Exercise objective: Your answer should be the lines below from the one holding "A bright, modern" through the one holding "a black and", copied exactly and with nothing else.

Given records:
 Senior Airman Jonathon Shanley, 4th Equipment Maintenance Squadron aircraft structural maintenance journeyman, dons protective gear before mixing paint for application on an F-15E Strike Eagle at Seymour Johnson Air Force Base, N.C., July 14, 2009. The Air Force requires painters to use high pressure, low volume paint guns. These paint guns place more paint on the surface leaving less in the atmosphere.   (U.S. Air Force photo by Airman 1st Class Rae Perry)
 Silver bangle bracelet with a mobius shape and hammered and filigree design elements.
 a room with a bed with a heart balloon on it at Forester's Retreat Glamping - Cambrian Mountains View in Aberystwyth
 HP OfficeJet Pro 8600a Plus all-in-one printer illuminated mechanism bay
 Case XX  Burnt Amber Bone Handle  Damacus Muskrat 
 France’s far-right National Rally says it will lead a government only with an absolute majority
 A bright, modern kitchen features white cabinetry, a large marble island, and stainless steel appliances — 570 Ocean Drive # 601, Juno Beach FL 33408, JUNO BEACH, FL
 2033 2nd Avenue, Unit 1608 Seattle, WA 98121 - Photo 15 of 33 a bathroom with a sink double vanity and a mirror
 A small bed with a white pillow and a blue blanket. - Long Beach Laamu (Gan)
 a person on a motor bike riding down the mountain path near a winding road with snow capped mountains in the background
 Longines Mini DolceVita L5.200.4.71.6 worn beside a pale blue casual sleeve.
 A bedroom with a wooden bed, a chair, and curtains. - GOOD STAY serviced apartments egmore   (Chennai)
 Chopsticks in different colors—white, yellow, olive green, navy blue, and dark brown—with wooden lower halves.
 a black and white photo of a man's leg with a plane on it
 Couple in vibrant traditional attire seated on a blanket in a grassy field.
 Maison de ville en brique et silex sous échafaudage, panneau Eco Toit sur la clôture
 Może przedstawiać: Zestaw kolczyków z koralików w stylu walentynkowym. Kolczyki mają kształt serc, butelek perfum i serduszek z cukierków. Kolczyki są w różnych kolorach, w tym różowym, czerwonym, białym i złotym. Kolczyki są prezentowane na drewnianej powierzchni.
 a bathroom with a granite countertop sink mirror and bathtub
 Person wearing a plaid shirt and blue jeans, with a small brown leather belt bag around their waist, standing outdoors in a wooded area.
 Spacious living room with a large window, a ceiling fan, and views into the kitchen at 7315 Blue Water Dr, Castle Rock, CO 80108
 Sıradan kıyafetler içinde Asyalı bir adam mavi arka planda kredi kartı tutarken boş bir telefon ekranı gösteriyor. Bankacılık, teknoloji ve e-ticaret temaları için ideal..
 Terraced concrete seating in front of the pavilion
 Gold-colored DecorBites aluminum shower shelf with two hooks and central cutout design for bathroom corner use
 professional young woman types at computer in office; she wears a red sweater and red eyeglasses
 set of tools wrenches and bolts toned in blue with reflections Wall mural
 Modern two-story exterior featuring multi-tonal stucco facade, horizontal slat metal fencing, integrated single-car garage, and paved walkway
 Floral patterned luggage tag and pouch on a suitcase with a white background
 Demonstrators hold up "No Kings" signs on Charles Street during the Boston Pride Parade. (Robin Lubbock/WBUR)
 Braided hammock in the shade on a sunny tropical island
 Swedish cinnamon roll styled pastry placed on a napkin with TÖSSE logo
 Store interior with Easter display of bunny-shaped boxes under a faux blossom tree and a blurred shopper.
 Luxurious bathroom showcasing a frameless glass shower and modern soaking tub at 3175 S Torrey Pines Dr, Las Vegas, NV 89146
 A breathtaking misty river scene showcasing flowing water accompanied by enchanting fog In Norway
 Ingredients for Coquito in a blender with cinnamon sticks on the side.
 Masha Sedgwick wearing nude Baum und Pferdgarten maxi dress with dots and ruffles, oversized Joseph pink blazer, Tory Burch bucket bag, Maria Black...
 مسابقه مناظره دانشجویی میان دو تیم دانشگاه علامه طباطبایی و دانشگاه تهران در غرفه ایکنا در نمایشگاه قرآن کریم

Output for this task:
 A bright, modern kitchen features white cabinetry, a large marble island, and stainless steel appliances — 570 Ocean Drive # 601, Juno Beach FL 33408, JUNO BEACH, FL
 2033 2nd Avenue, Unit 1608 Seattle, WA 98121 - Photo 15 of 33 a bathroom with a sink double vanity and a mirror
 A small bed with a white pillow and a blue blanket. - Long Beach Laamu (Gan)
 a person on a motor bike riding down the mountain path near a winding road with snow capped mountains in the background
 Longines Mini DolceVita L5.200.4.71.6 worn beside a pale blue casual sleeve.
 A bedroom with a wooden bed, a chair, and curtains. - GOOD STAY serviced apartments egmore   (Chennai)
 Chopsticks in different colors—white, yellow, olive green, navy blue, and dark brown—with wooden lower halves.
 a black and white photo of a man's leg with a plane on it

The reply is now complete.